Sebastian -
There’s some precedent out there for ISBN’s. Bill Dueber and the
UMICH/code4lib folks have done amazing work, check it out here -
https://github.com/mlibrary/umich_solr_library_filters
<https://github.com/mlibrary/umich_solr_library_filters>
- Erik
> On Jan 5, 2017, at 5:08 AM, Sebastian Riemer <[email protected]> wrote:
>
> Hi folks,
>
>
> TL;DR: Is there an easy way, to copy ISBNs with hyphens to the general text
> field, respectively configure the analyser on that field, so that a search
> for the hyphenated ISBN returns exactly the matching document?
>
> Long version:
> I've defined a field "text" of type "text_general", where I copy all my other
> fields to, to be able to do a "quick search" where I set q=text
>
> The definition of the type text_general is like this:
>
>
>
> <fieldType name="text_general" class="solr.TextField"
> positionIncrementGap="100">
>
> <analyzer type="index">
>
> <tokenizer class="solr.StandardTokenizerFactory"/>
>
> <filter class="solr.StopFilterFactory" ignoreCase="true"
> words="stopwords.txt" />
>
> <filter class="solr.LowerCaseFilterFactory"/>
>
> </analyzer>
>
> <analyzer type="query">
>
> <tokenizer class="solr.StandardTokenizerFactory"/>
>
> <filter class="solr.StopFilterFactory" ignoreCase="true"
> words="stopwords.txt" />
>
> <filter class="solr.SynonymFilterFactory" synonyms="synonyms.txt"

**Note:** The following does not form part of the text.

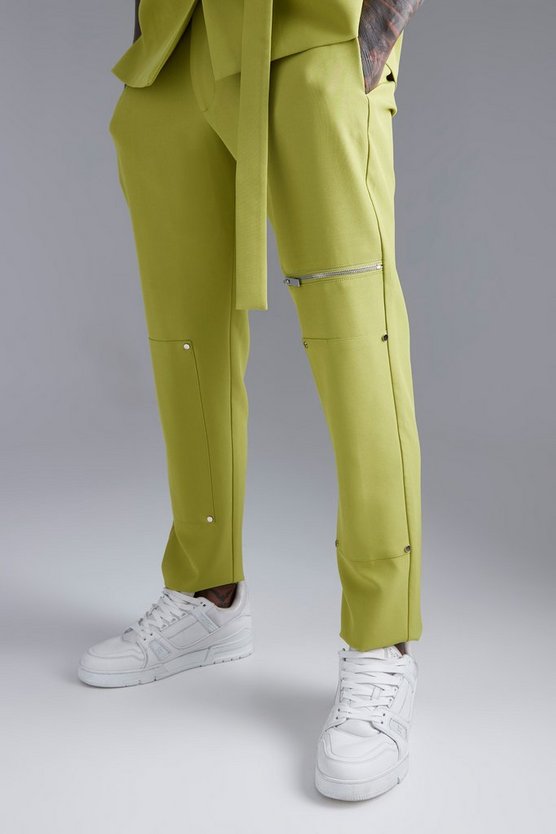 Skinny Anzughose mit Reißverschluss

> ignoreCase="true" expand="true"/>
>
> <filter class="solr.LowerCaseFilterFactory"/>
>
> </analyzer>
>
> </fieldType>
>
>
> I now face the problem, that searching for a book with
> text:978-3-8052-5094-8* does not return the single result I expect. However
> searching for text:9783805250948* instead returns a result. Note, that I am
> adding a wildcard at the end automatically, to further broaden the resultset.
> Note also, that it does not seem to matter whether I put backslashes in front
> of the hyphen or not (to be exact, when sending via SolrJ from my
> application, I put in the backslashes, but I don't see a difference when
> using SolrAdmin as I guess SolrAdmin automatically inserts backslashes if
> needed?)
>
> When storing ISBNs, I do store them twice, once with hyphens
> (978-3-8052-5094-8) and once without (9783805250948). A pure phrase search on
> both those values return also the single document.
>
> I learned that the StandardTokenizer splits up values from fields at index
> time, and I've also learned that I can use the solrAdmin analysis and the
> debugQuery to help understand what is going on. From the analysis screen I
> see, that given the value 9783805250948 at index-time and 9783805250948*
> query-time both leads to an unchanged value 9783805250948 at the end.
> When given the value 978-3-8052-5094-8 for "Field Value (Index)" and
> 978-3-8052-5094-8* for "Field Value (Query)" I can see how the ISBN is
> tokenized into 5 parts. Again, the values match on both sides (Index and
> Query).
>
> How does the left side correlate with the right side? My guess: The left side
> means, "Values stored in field text will be tokenized while indexing as show
> here on the left". The right side means, "When querying on the field text,
> I'll tokenize the entered value like this, and see if I find something on the
> index" Is this correct?
>
> Another question: when querying and investigating the single document in
> solrAdmin, the contents I see In the column text represents the _stored_
> value of the field text, right?
> And am I correct that this actually has nothing to do, with what is actually
> stored in the index for searching?
>
> When storing the value 978-3-8052-5094-8, are only the tokenized values
> stored for search, or is the "whole word" also stored? Is there a way to
> actually see all the values which are stored for search?
> When searching text:" 978-3-8052-5094-8" I get the single result, so I guess
> the value as a whole must also be stored in the index for searching?
>
> One more thing which confuses me:
> Searching for text: 978-3-8052-5094-8 gives me 72 results, because it leads
> to searching for "parsedquery_toString":"text:978 text:3 text:8052 text:5094
> text:8",
> but searching for text: 978-3-8052-5094-8* gives me 0 results, this leads to
> "parsedquery_toString":"text:978-3-8052-5094-8*",
>
> Why is the appended wildcard changing the behaviour so radically? I'd rather
> expect to get something like "parsedquery_toString":"text:978 text:3
> text:8052 text:5094 text:8*", and thus even more results.
>
> Btw. I've found and read an interesting blog about storing ISBNs and alikes
> here:
> http://robotlibrarian.billdueber.com/2012/03/solr-field-type-for-numericish-ids/
> However, I already store my ISBN also in a separate field, of type string,
> which works fine when I use this field for searching.
>
> Best regards, sorry for the enormously long question and thank you for
> listening.
>
> Sebastian